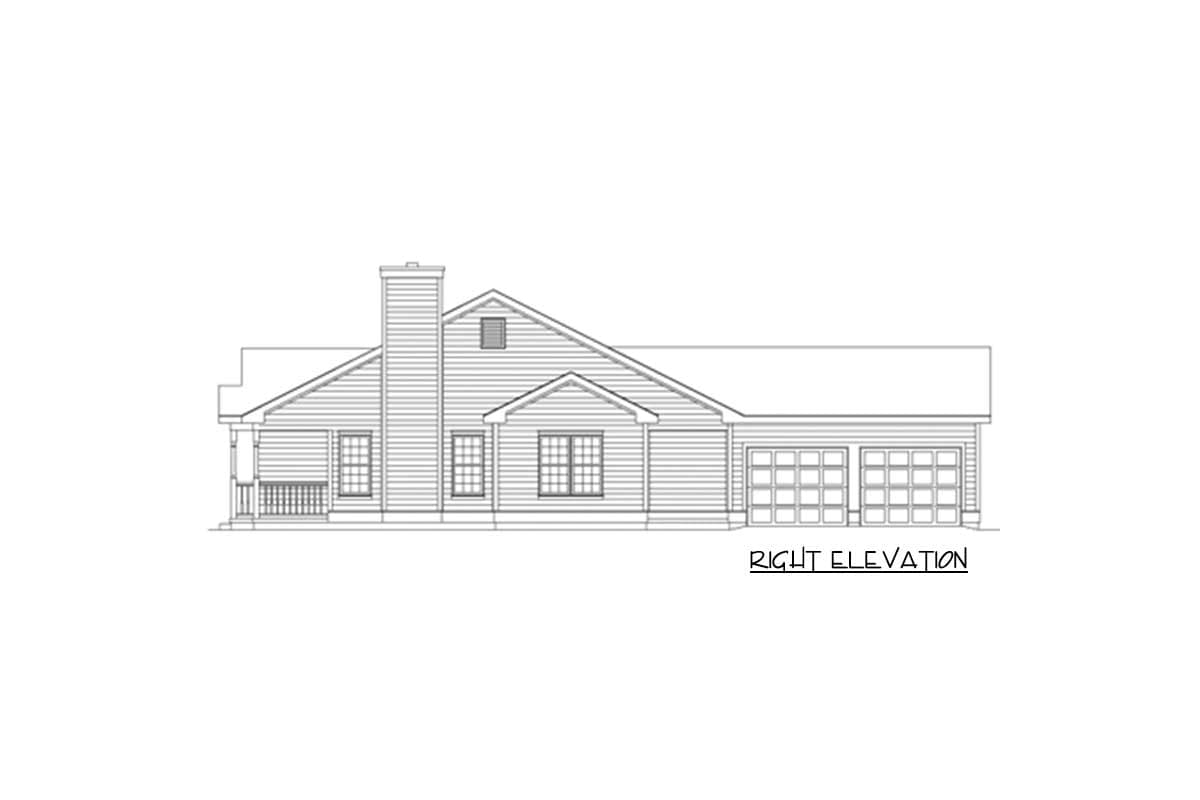 Right elevation drawing of a single-story house plan with a prominent chimney, covered porch, and attached two-car garage.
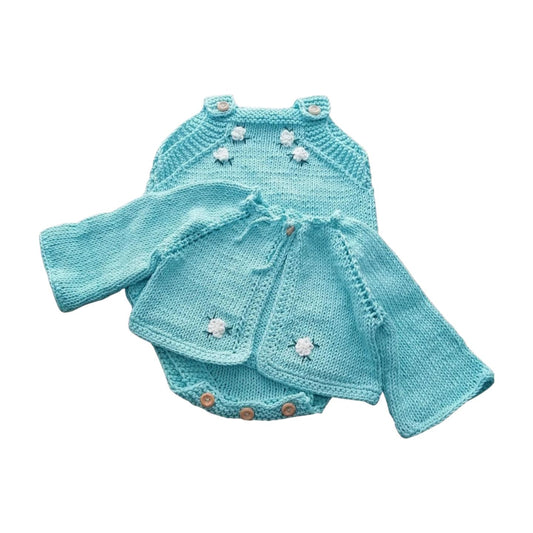 Handmade Baby Knit Set – 100% Cotton Cardigan & Romper (9–12M) | Aqua Blue Newborn Outfit | Baby Shower Gift | Fall Baby Clothes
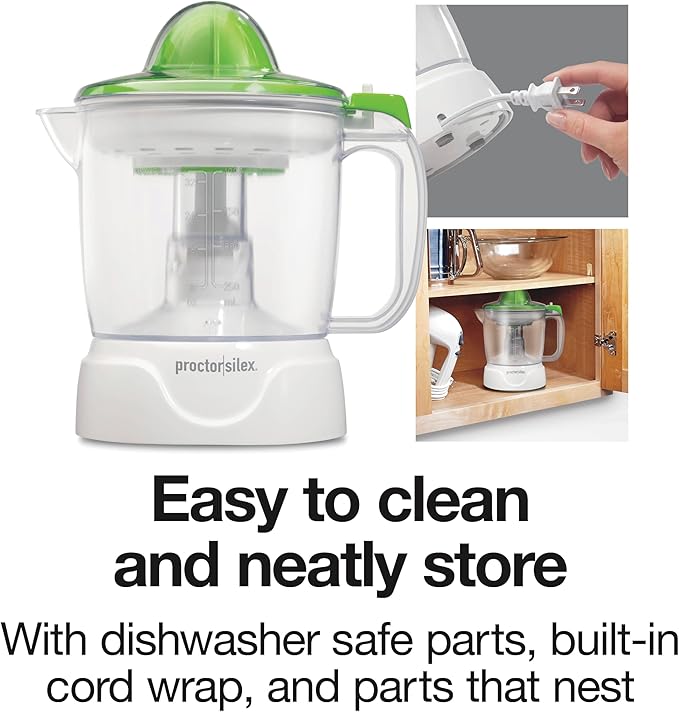 Proctor Silex Electric Citrus Juicer Machine, Large 34 oz. Pitcher, Pressure Activated, 2 Reamers for Big and Small Fruit, Pulp Control, for Orange, Lemon, fruit Juice, White,Green (66340) (Pack of 2)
——
__Work to be completed__: While leaving pictures out, reproduce exactly the lines from the beginning of the listing above through the line containing "Handmade Baby Knit", both ends included.

__Reply__:
 Right elevation drawing of a single-story house plan with a prominent chimney, covered porch, and attached two-car garage.
 Handmade Baby Knit Set – 100% Cotton Cardigan & Romper (9–12M) | Aqua Blue Newborn Outfit | Baby Shower Gift | Fall Baby Clothes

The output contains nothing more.